Busy international agenda for biodiversity

Busy international agenda for biodiversity

This week, the Parties to the Convention on Biological Diversity began the first part of the negotiations on international biodiversity targets for the period between now and 2050, with a milestone for 2030 (Post-2020 Framework, or “Global Biodiversity Framework”). After the disappointment linked to the failure to reach the Aichi targets (targets set in 2010 for global biodiversity in 2020), this post-2020 framework for global biodiversity should be both ambitious and concrete, with quantified commitments and specifying the means to be mobilized to enable states and other organizations to reach these targets. In addition to the signing of the “Kunming Declaration”, which is intended to provide “political impetus” for the 2022 negotiations, this week’s negotiations will help advance discussions on the first draft of the framework, which was published in July 2021 and includes elements presented in January 2021.

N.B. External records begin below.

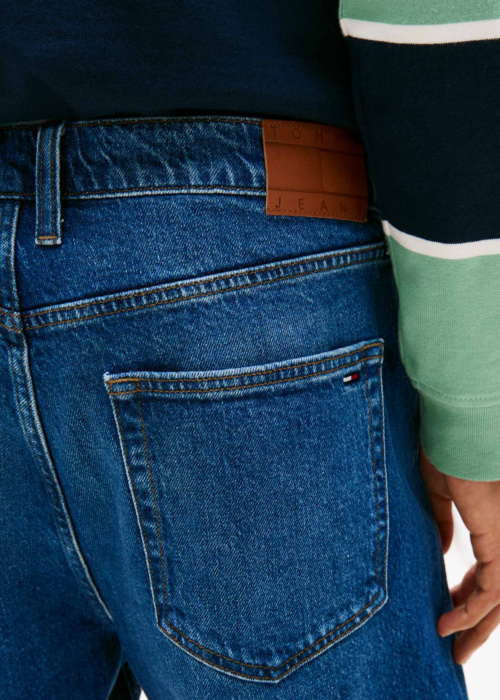 Tommy Jeans teksapüksid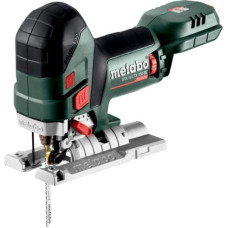 Metabo STA 18 LTX 150 BL Cordless Jigsaw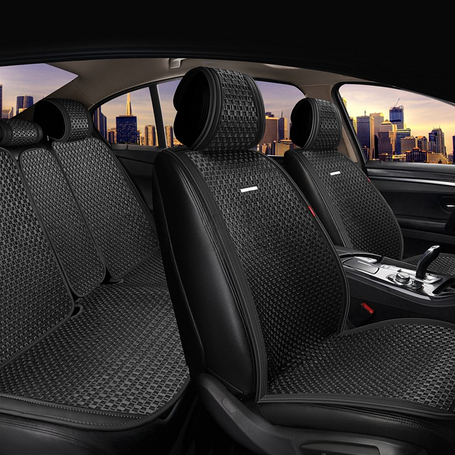 Накидки на сидіння BREEZE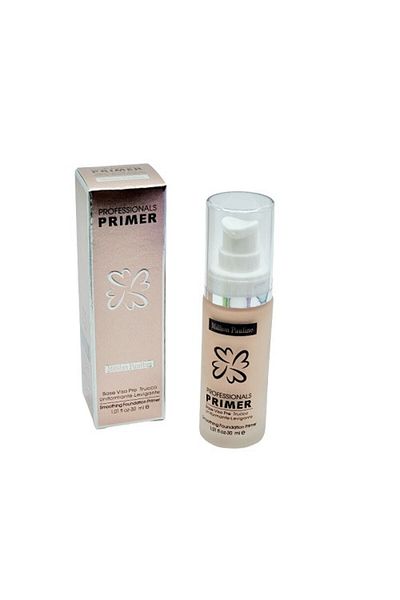 Million Pauline Make-up base, , Smoothing Primer, Pink, 30 ml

Both financial and private players will depend on the outcome of the negotiations, and their activities should be rapidly and concretely influenced by it. The new French regulation for financial actors on the consideration of biodiversity erosion risk in investment strategies (Article 29 of the Energy-Climate Law) requires financial actors to demonstrate the alignment of their portfolios with international targets. Target 19 “Increase financial resources from all sources to at least USD 200 billion per year, including new, additional and efficient financial resources” directly concerns private investments.

On the business side, the ambition of these international commitments may greatly influence the integration of nature into corporate strategies and commitments. Target 15, for example, states that “all businesses assess and report on their dependence and impacts on biodiversity, from local to global levels” and specifies that negative impact should be reduced by at least half by 2030. To meet this target in a meaningful and concrete way, the use of aggregated biodiversity footprint measurement methods over the entire life cycle of products and services is particularly appropriate, both to understand its impacts and to track the concrete benefits of commitments.

This framework is intended to be as concrete as possible in order to encourage private actors to act for the preservation of nature, which is currently in great crisis.